The Friday evening Party in the Park ends up being transferred indoors to The Drill House – but that’s more about the inclement weather than the Queen.  So we get to stay inside, in the warm, as the wind howls and the rain falls – entertained by a line-up that includes the cheery and highly talented double act Jones & Barnard, whose years of experience as physical comedians and cabaret performers is in strong evidence in their hilarious take on magic and escapology; and the fabulous Department of Gruff, who, resplendent in some very lovely latex whole-head dog masks treat us to their versions of classics such as Puppy Love, How Much is that Doggie in the Window?, and (my favourite) The Stooges’ I Wanna Be Your Dog. 

Sarah Munro: Miss O’Genie’s Dazzling Dollirama

Saturday morning – and although it isn’t that warm, at least it’s dry. So, wrapped up and clad in sturdy boots, off I head into the streets and parks of Yarmouth. Like other iterations of Out There Festival that I’ve witnessed, the 2022 programme proves to be a good mix of artforms, embracing traditional street theatre, experimental performance and installation, music, dance, and circus. Oh, and this year we also had parkour – more on that anon.

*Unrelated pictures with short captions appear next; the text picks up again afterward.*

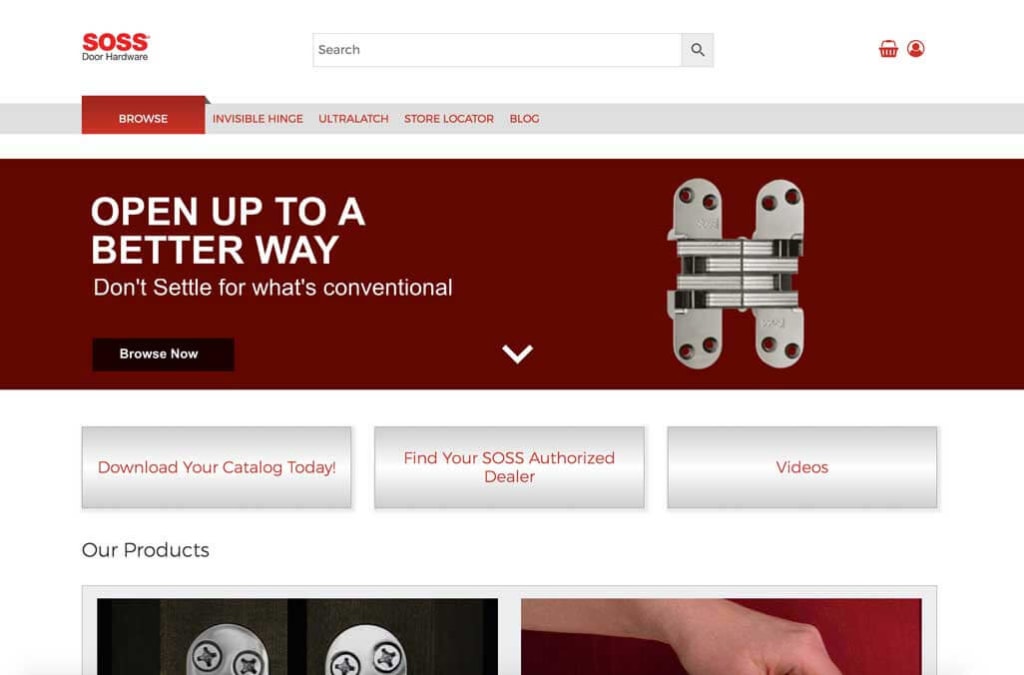 Soss catalog website, promoting hinge and ultralatch handle products, catalog download and hinge calculator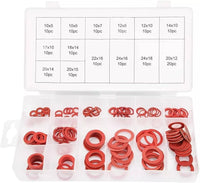 150 PZ GUARNIZIONI COMPRESSE IN FIBRA 14 MISURE DIVERSE ANELLI RONDELLE PIATTE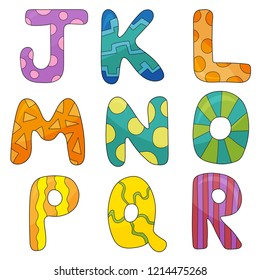 Vector cartoon set of isolated cartoon style, alphabet letters. Commercial font type design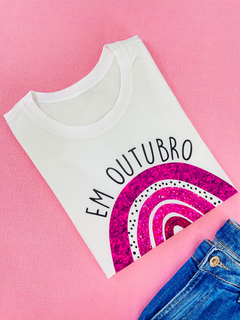 T-shirt ribana canelada Em outubro usamos Rosa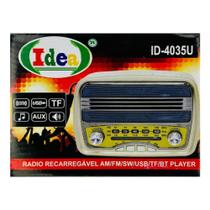 Rádio Idea Retrô Recarregável AM, FM, USB, AUX, BLUETOOTH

I start off with Miss O’Genie’s Dazzling Dollirama, in which Sarah Munro of the late lamented Insect Circus, in her first solo venture, presents an alternative to the regular fairground coconut shy. Miss O’Genie’s ‘damnable dolls’ turn out to be a set of famous misogynists, or archetypal misogynist figures, who we are invited to batter with fake fruit. So, you can have a go at knocking Boris Johnson or the Pope off his pedestal. Or perhaps you’d prefer to down Putin from his horse, pummel Mr Punch, or get your revenge on a gynaecologist.

As a proud former punk, I take great delight in smashing down a hippy with a nice chunky avocado. Of course, the children of Great Yarmouth join in keenly (groups of teenagers too, who are delighted that it’s free to play and that winners get sweeties), and parents are easily coerced to have a go. The show is new, but has its roots in an installation done by Sarah Munro for Vanessa Toulmin’s The Wonder Show, a contemporary reworking of classic circus sideshow acts. It works very well in this new context, and is a great addition to the outdoor arts circuit. Fun for all the family – and proof that political performance doesn’t have to be po-faced to make a point.

The Dazzling Dollirama is one of a number of installation pieces presented at this year’s Out There Festival – and interestingly enough, challenging misogyny seems to be a key theme. Scottish artist Eilidh Reilly’s Alright Doll takes the form of a number of signs hung from trees (‘Educate Your Sons’ says one, which I am drawn to as a mother of three sons!) and a soundtrack of verbatim texts recorded from interviews with women, debunking the notion of the ‘unlucky’ woman victim of violence, and challenging mainstream portrayals of street harassment. At various points in the day, Eilidh Reilly invites passing women to sit down with a cup of tea and contribute soundbites to the work. Alright Doll was supported by Surge (Scotland) as part of the Four Nations programme for emerging artists, which offered funding to six artists to create work that has toured to Wales, Northern Ireland, England and Scotland. It’s good to see multi-media installation included in the programme – it might not have as immediate an appeal as the classic street theatre or circus show, but I think audiences appreciate the variety offered at Out There.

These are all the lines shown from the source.